Dans « Le Jardin des supplices », deuxième partie de son récit, il dénonce la cruauté des hommes qui se prétendent « civilisés » et l’iniquité de la “Justice”. La mort et la souffrance sont omniprésentes, universelles. Elles sont institutionnalisées à travers l'armée, les religions et la loi : « Les passions, les appétits, les intérêts, les haines, le mensonge ; et les lois, et les institutions sociales, et la justice, l'amour, la gloire, l'héroïsme, les religions, en sont les fleurs monstrueuses et les hideux instruments de l'éternelle souffrance humaine... [...]. Et ce sont les juges, les soldats, les prêtres qui, partout, dans les églises, les casernes, les temples de justice s'acharnent à l'œuvre de mort… » D’où l’ironique dédicace du roman : « Aux Prêtres, aux Soldats, aux Juges, aux Hommes, qui éduquent, dirigent, gouvernent les hommes, je dédie ces pages de Meurtre et de Sang. »

 

Une « monstruosité littéraire »


Le Jardin des supplices est aussi une « monstruosité littéraire ». Le roman est en effet constitué de trois parties sans rapport évident les unes avec les autres. Le « Frontispice » met en scène une discussion « scientifique » sur le meurtre entre membres de l’intelligentsia parisienne : tous sont d’accord pour reconnaître que c’est le propre de l’homme et que c’est le fondement de toutes les sociétés humaines. Dans « En mission », Octave Mirbeau dresse une caricature des milieux politiques de la Troisième République et ridiculise la science à travers  les mobiles de  la pseudo-expédition scientifique  et la rencontre du narrateur avec un grotesque « très grand savant ». Sur le bateau qui le conduit en Orient, le narrateur anonyme, au visage ravagé, qui lit le récit de son expérience aux personnages rassemblés dans le « Frontispice », fait la connaissance de  Clara, une Anglaise fort émancipée, qui lui fait découvrir la face cachée de la colonisation. Dans la troisième partie, « Le Jardin des supplices » stricto sensu, il dépeint la relation sado-masochiste qui l’a lié à la sadique Clara, qui lui a fait visiter le bagne de Canton et s’est enivrée de la vision des horribles supplices infligés à des condamnés, notamment les supplices du rat, de la cloche et de la caresse. Le roman est construit à partir de récits parus antérieurement dans des journaux indépendamment les uns des autres. Simplement juxtaposés, ils forment le squelette du « roman ». Mirbeau, en adoptant ce type de construction, s’oppose à la structure du roman balzacien ou zolien. Les critiques ne se priveront pas de l’attaquer sur le manque de composition de son récit, sur la forme plus que sur le fond. Ils en souligneront aussi les invraisemblances, dont le romancier n’a cure.
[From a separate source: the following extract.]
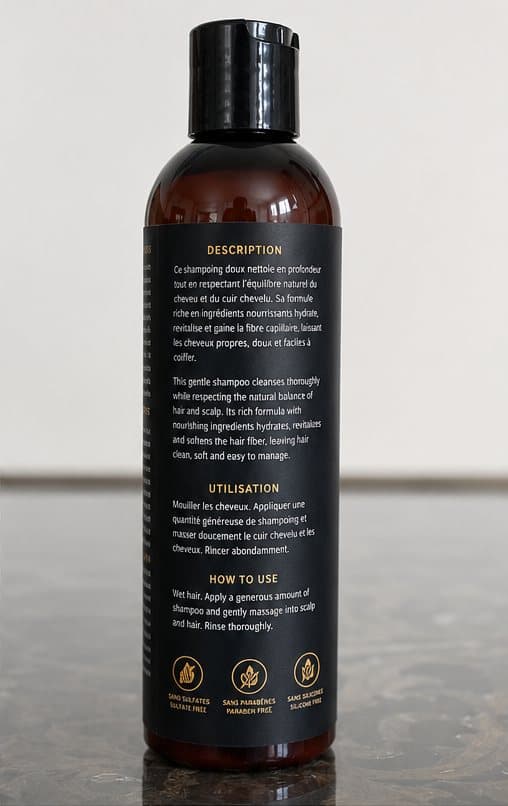Shampoing Gainant — vue 2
Mirbeau juxtapose les récits comme les impressionnistes les couleurs : c’est le tout qui donne du sens à l’œuvre.

 

Un roman initiatique


Le Jardin des supplices met en scène l’initiation du narrateur par Clara : la violence qu’elle exerce sur lui va lui ouvrir les yeux sur la cruauté du monde, sur la vraie nature de l’homme, sur le socle sanglant des sociétés et sur les épouvantables massacres perpétrés par les Anglais et les Français. Mirbeau met en scène le sadisme et le masochisme des personnages et reprend pour cela le cliché de la femme fatale de l’époque : Anglaise aux cheveux roux et aux yeux verts. Curieusement, il dote ces femmes cruelles de prénoms évoquant la lumière : on trouve une autre  Clara dans « Pauvre Tom ! » et une Clarisse dans « Le Bain ». C’est l’initiatrice Clara qui dévoile le programme de l'initiation entreprise dans la deuxième partie du roman : « Je t'apprendrai des choses terribles... des choses divines... tu sauras enfin ce que c'est que l'amour !... Je te promets que tu descendras, avec moi, tout au fond du mystère de l'amour... et de la mort !... » De fait, elle initie le narrateur en lui transmettant des vérités qui lui étaient inconnues, qu'il combat d’abord puis finit par accepter, car elles sont incarnées dans le parcours initiatique, ou illustrées par les récits et les actes des personnages. Ces vérités concernent la nature de l'homme, celle de l'amour, ou encore celle de la beauté. C'est une véritable leçon de philosophie qu'elle donne au narrateur. Il découvre, tout au long de son parcours, l'horreur qui, en s'intensifiant, sature ses sens et annihile sa pensée. Ce cheminement à l'intérieur du bagne l'a transformé. Sa nouvelle vision du monde et son rapport à la mort sont d'abord signifiés par un intense mal de tête, comparé à une torture, puis transcrit dans ses paroles : « Et l'univers m'apparut comme un immense, comme un inexorable jardin des supplices... Partout du sang, et là où il y a plus de vie, partout d'horribles tourmenteurs qui fouillent les chairs, scient les os, nous retournent la peau, avec des faces sinistres de joie... ».

 

Un roman décadent


Enfin, Le Jardin des supplices est le texte qui clôt ce que les critiques ont appelé la littérature décadente, tendance littéraire née sous le parrainage de Baudelaire, qui en est le précurseur et qui était, comme Mirbeau, révolté contre la société : sensible est ici l’influence du poète sur le romancier. Ils ont tous les deux une conception sadique de l’amour, en unissant l’exercice de la cruauté au plaisir, à la satisfaction sexuelle ; mais le premier décrit souvent une femme victime et le second développe plutôt l’image de la femme fatale. Pour Baudelaire, il s’agit de profaner la nature à travers la femme, alors que, chez Mirbeau, la conception de l’amour repose sur l’idée de la guerre des sexes : chez lui, Les Fleurs du mal ont abouti aux pleurs du mâle. Le plaisir que l’amour procure permet d’échapper un instant à la cruauté de la réalité. Mais, au lieu d’apaiser le désir, il ne fait que l’exacerber, conduisant l’individu à la recherche éperdue du plaisir sous toutes ses formes (particulièrement les formes anormales), la seule délivrance étant la mort. Le goût pour les perversions de Clara et de sa maîtresse Annie illustre cette quête. Mais, alors que Baudelaire perçoit l’œuvre de Satan derrière les perversions de l’homme, Mirbeau y voit la conséquence de pulsions sexuelles et d’un inconscient exacerbé par la société. À l’explication morale de Baudelaire, il substitue une explication clinique et “sociologique”. D’une certaine manière, Mirbeau “laïcise” certaines idées baudelairiennes.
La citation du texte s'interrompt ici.